The Haganah then became faced with the final bit of treachery. Glubb Pasha, British commander of the Arab Legion, had given solemn promise that the Legion would be returned to Jordan when the British evacuated. But when the British left Jerusalem, the Arab Legion rushed to that city in open violation of the promise. The Legion attacked and was able to gain back part of what the Haganah had taken earlier. The suburb linking New Jerusalem with Mount Scopus had been given to the Maccabees to defend; they lost it to the Legion, thus isolating the forces on Scopus. Then Glubb ordered the Arab Legion to attack the Old City!

The Jews had no illusions left after their years of dealing with the Arabs, but this attack on the most sacred shrine of mankind was the nadir. There was nothing to stop the Legion but a few thousand ultra-Orthodox Jews who would not raise a finger in their own defense. The Jews rushed as much of the Haganah as they could spare into the Old City, and the Haganah was followed by several hundred angry Maccabee volunteers. Once inside the Old City there was no escape for their forces.

JERUSALEM CORRIDOR

The road from Jerusalem to Tel Aviv continued to bear the hardest fighting of the war. The Hillmen of the Palmach had cleared a half dozen heights in the Judean hills. The Kastel was firmly in their hands and they had assaulted and won the Comb, Suba, and enough key places to open the tricky and vulnerable Bab el Wad.

Then the blackest blot on the Jewish record occurred. The Maccabees were given the high Arab village of Neve Sadij to hold. In a strange and inexplicable sequence of events a panic broke out among Maccabee troops and they opened up a wild and unnecessary firing. Once started it could not be stopped. More than two hundred Arab civilians were massacred. With the Neve Sadij massacre the Maccabees, who had proved so valuable, had fixed a stigma on the young nation that it would take decades to erase.

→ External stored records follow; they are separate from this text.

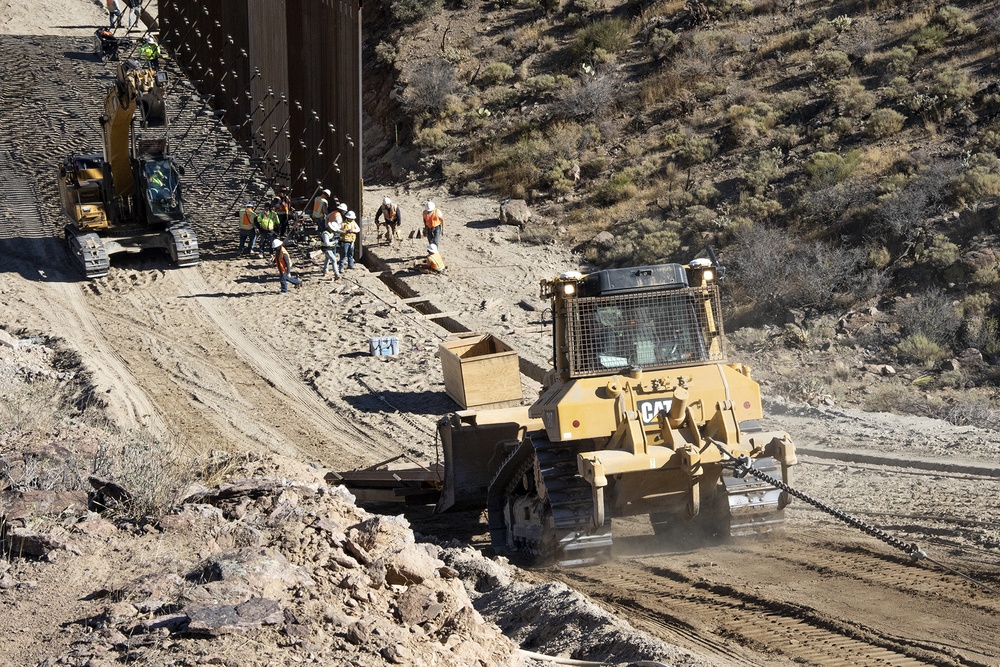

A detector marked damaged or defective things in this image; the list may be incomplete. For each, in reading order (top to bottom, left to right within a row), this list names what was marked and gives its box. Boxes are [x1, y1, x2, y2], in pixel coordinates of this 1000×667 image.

rusty steel wall panel [156, 0, 360, 206]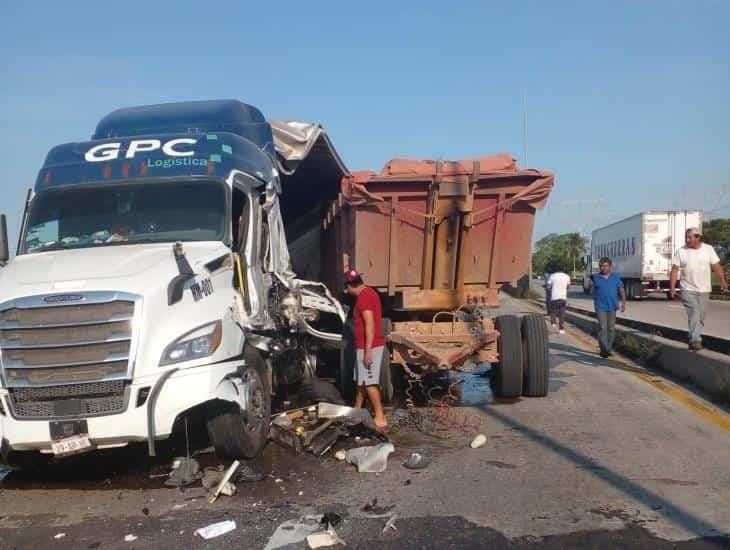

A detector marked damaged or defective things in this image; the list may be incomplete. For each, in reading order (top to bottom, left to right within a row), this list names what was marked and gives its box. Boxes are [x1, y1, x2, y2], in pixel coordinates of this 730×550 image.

cracked windshield [22, 181, 223, 254]
damaged truck cab [0, 100, 346, 466]
rusty dump truck [284, 154, 552, 402]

Although the Hillmen Brigade had opened the Bab el Wad, the British made it more convenient for the Arabs to blockade Jerusalem by handing the Legion the Taggart fort of Latrun. Latrun, once a British political prison at one time or another graced by all the leaders of the Yishuv, sat squarely on a junction in the road, blocking the entrance to the Bab el Wad.

Latrun, therefore, became the most important objective of the Israelis. In a desperation plan to capture the fort a special brigade was formed. Most of it consisted of Jewish immigrants freed from Cyprus internment or from the DP camps. The officers were equally unequipped for a major operation. Quickly armed and trained, this brigade was moved into the corridor and a night attack on Latrun was tried. It was ill-planned and badly executed. The disciplined Arab Legion threw it back.

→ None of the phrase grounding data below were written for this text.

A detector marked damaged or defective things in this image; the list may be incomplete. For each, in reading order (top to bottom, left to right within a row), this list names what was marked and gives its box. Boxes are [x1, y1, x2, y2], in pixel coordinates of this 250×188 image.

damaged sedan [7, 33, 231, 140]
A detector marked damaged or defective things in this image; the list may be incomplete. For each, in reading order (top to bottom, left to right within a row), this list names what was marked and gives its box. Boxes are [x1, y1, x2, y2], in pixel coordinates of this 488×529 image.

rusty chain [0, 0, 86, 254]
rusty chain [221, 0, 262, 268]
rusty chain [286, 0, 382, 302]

The brigade tried two more attacks on Latrun on succeeding nights with equal lack of success. Then the Palmach Hillmen Brigade, badly overextended by the attempt to cover the long stretch of the Bab el Wad to Jerusalem, nevertheless made an attack on Latrun and almost, but not quite, succeeded in taking the place.

An American army colonel, Mickey Marcus, who used the code name of Stone, had joined the Israeli Army. Now he was sent to the corridor, where his tactical and organizational experience was desperately needed. His efforts there began to bear fruit. In a short time he had reorganized the transportation and amplified the mechanized jeep-cavalry which the Israelis had used in Iron Broom. Marcus was mainly concerned with quickly forming a well-trained and well-led unit capable of carrying out a strategic movement on the Latrun bottleneck. He was close to attaining this objective when another tragedy befell Israel: Marcus was killed.

Jerusalem remained sealed off.

HULEH VALLEY—SEA OF GALILEE

The Syrian Army swept into Palestine from the eastern side of the Sea of Galilee and the Jordan River in several columns, led by tanks and supported by aircraft.

The first Syrian column chose as its objective the three oldest collective settlements in Palestine: the bloc consisting of Shoshanna, the birthplace of Ari Ben Canaan, and Dagania A and Dagania B, where the Jordan flowed from the Galilee.

The Jews were so short of men in that area that they daily drove trucks back and forth from Tiberias to these settlements to make the Syrians believe they were bringing in reinforcements and arms.

The farmers at the Shoshanna bloc had so little to fight with that they sent a delegation up to see Ari Ben Canaan. The Shoshanna bloc was actually outside his command, but they hoped to appeal to a sentimental regard for his birthplace. Ari’s hands were full, however, with Kassi at Gan Dafna and at Safed and with another of the Syrian columns. He told the delegation that only one thing might save them—anger. He advised them to make Molotov cocktails and to let the Syrians get inside the villages. If anything could raise the Jews to an inspired defense, it would be the sight of Arabs on their beloved soil.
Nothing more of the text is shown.